A series of conflicts between the French and English escalates until 1816, when the voyageurs burn down Fort Douglas and the colonists burn down Fort Gibraltar.

Eventually, the HBC and North West Company are forced to merge, ending a proud Red River Colony tradition of setting your enemy’s house on fire and watching the smouldering remains crumble to the ground.

 

1869-70

After increasing numbers of English-speaking Protestants pour into the Red River Valley from Ontario, the Métis decide they’ve had enough.

Under the leadership of Louis Riel, the Métis seize control of Upper Fort Garry, establish a provisional government and convince Ottawa Manitoba belongs in Canada.

Riel then flees an approaching army, hides out in the U.S., gets elected to Parliament and leads another rebellion in Saskatchewan, not necessarily in that order.
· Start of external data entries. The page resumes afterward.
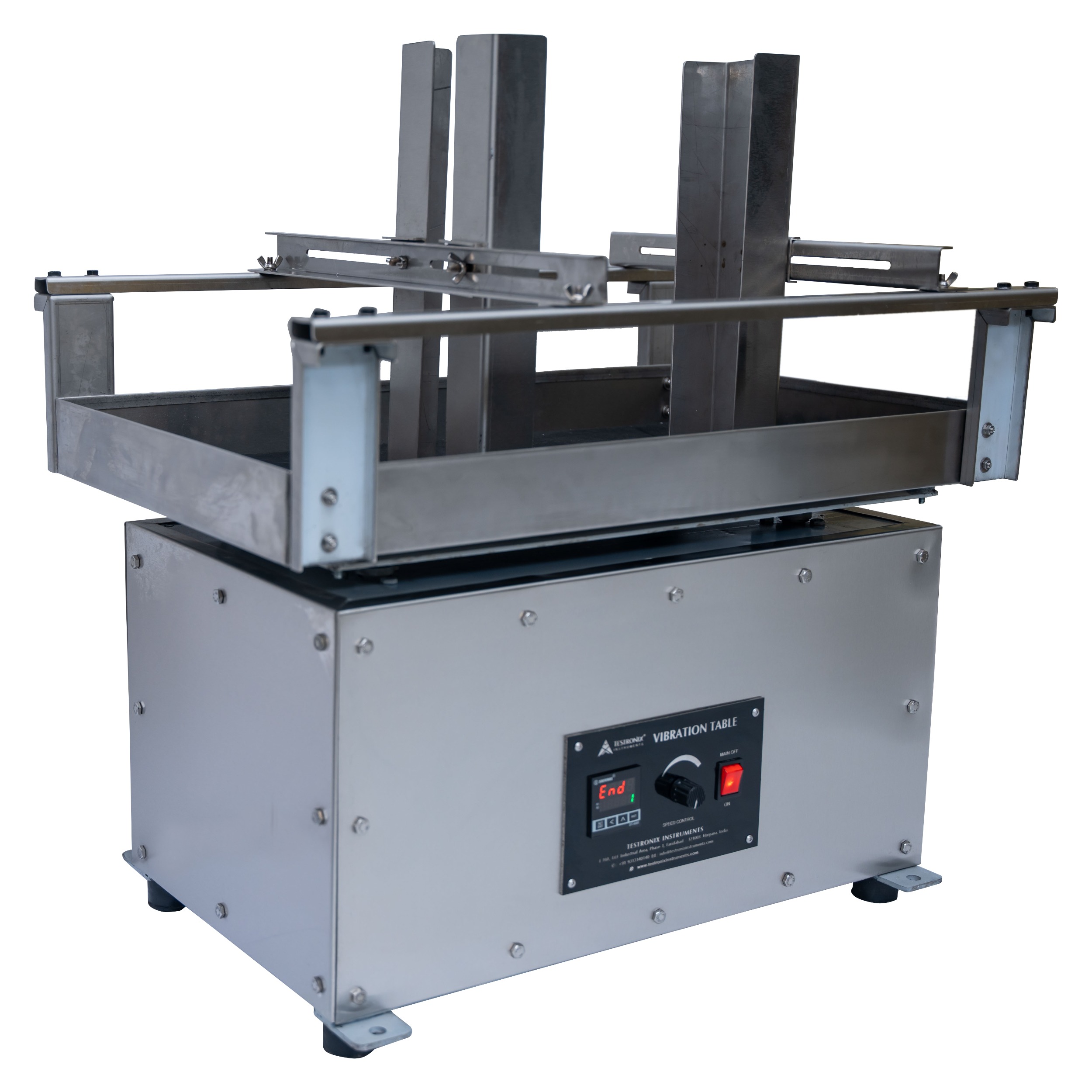 Vibrating Table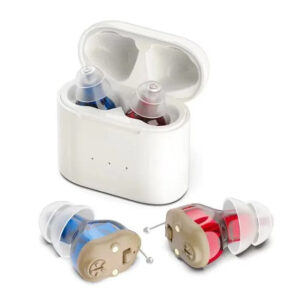 Magnetic Charging Digital Hearing Aid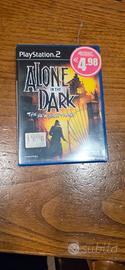 gioco  alone in the dark ps2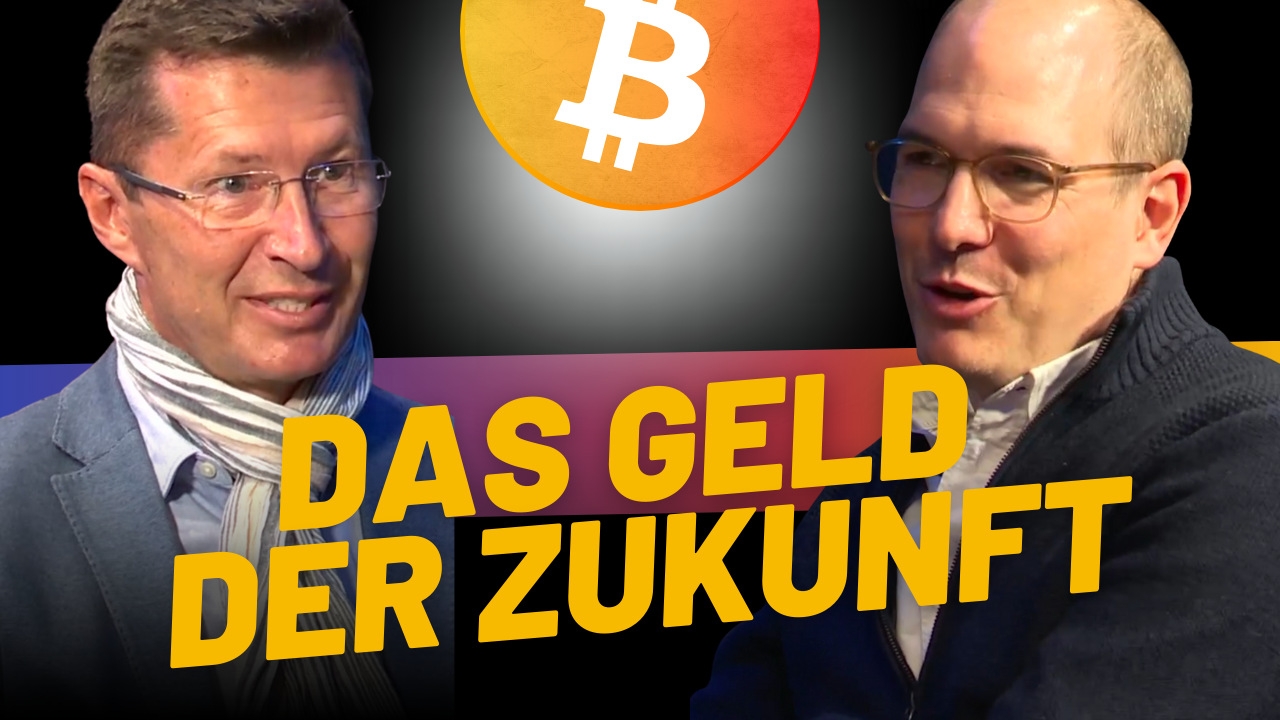 Von der Deutschen Bank zu Bitcoin - Frank Schwab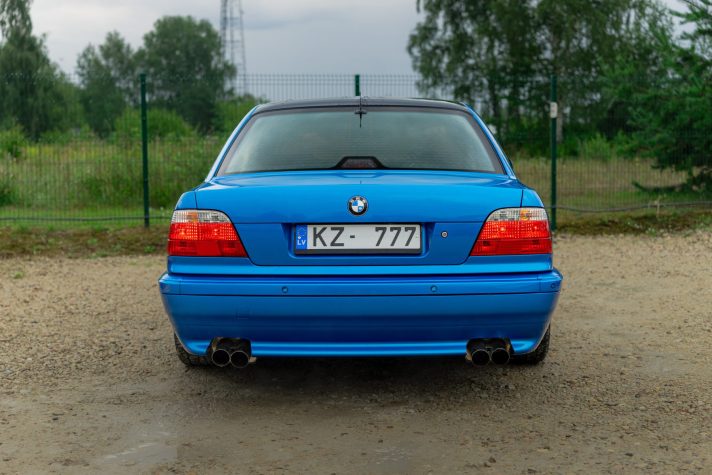 BMW 740I INDIVIDUAL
He then gets hanged in Regina because he refuses to plead insanity.

Every September, we commemorate the killing of our provincial founder by our evil neighbours in Saskatchewan by defeating the Roughriders at the Banjo Bowl, no matter how terrible the Blue Bombers happen to be that season.

 

1890-94

As more and more Anglos arrive in Manitoba, the provincial government decides it’s time to stop simply annoying their own Métis and also drive francophones in Quebec into a frenzy. The province passes new legislation that removes funding for Protestant and Catholic schools, which goes against the spirit of equal rights for French and English in Manitoba.

This move unwittingly sends the entire country into a political tizzy that eventually topples the Conservative government and plants the seeds of modern Quebec nationalism.

Today, these events are known as the Manitoba Schools Question, at least to the handful of Manitobans who paid attention in school when this question received 10 minutes of attention.

 

1970

With Manitoba poised to turn 100, the province creates Festival du Voyageur to celebrate Winnipeg’s history as the centre of the fur trade, francophone culture and violent recriminations between people who speak different languages.

No violence actually takes place at the festival, although beard-growing is permitted. Today, we commemorate these events by thinking violent thoughts about heavily bearded hipsters.

 

2014

Now 44, Festival du Voyageur is middle-aged but enjoying a rather hedonistic mid-life crisis.

There are many tents at Festival where patrons can purchase alcohol. There’s an outdoor snow bar on the festival grounds and a new tent planned for the ice on the Red River.

The old divisions between French and English have receded, as Winnipeggers are united in a single cause — consuming enough booze to forget it’s still February.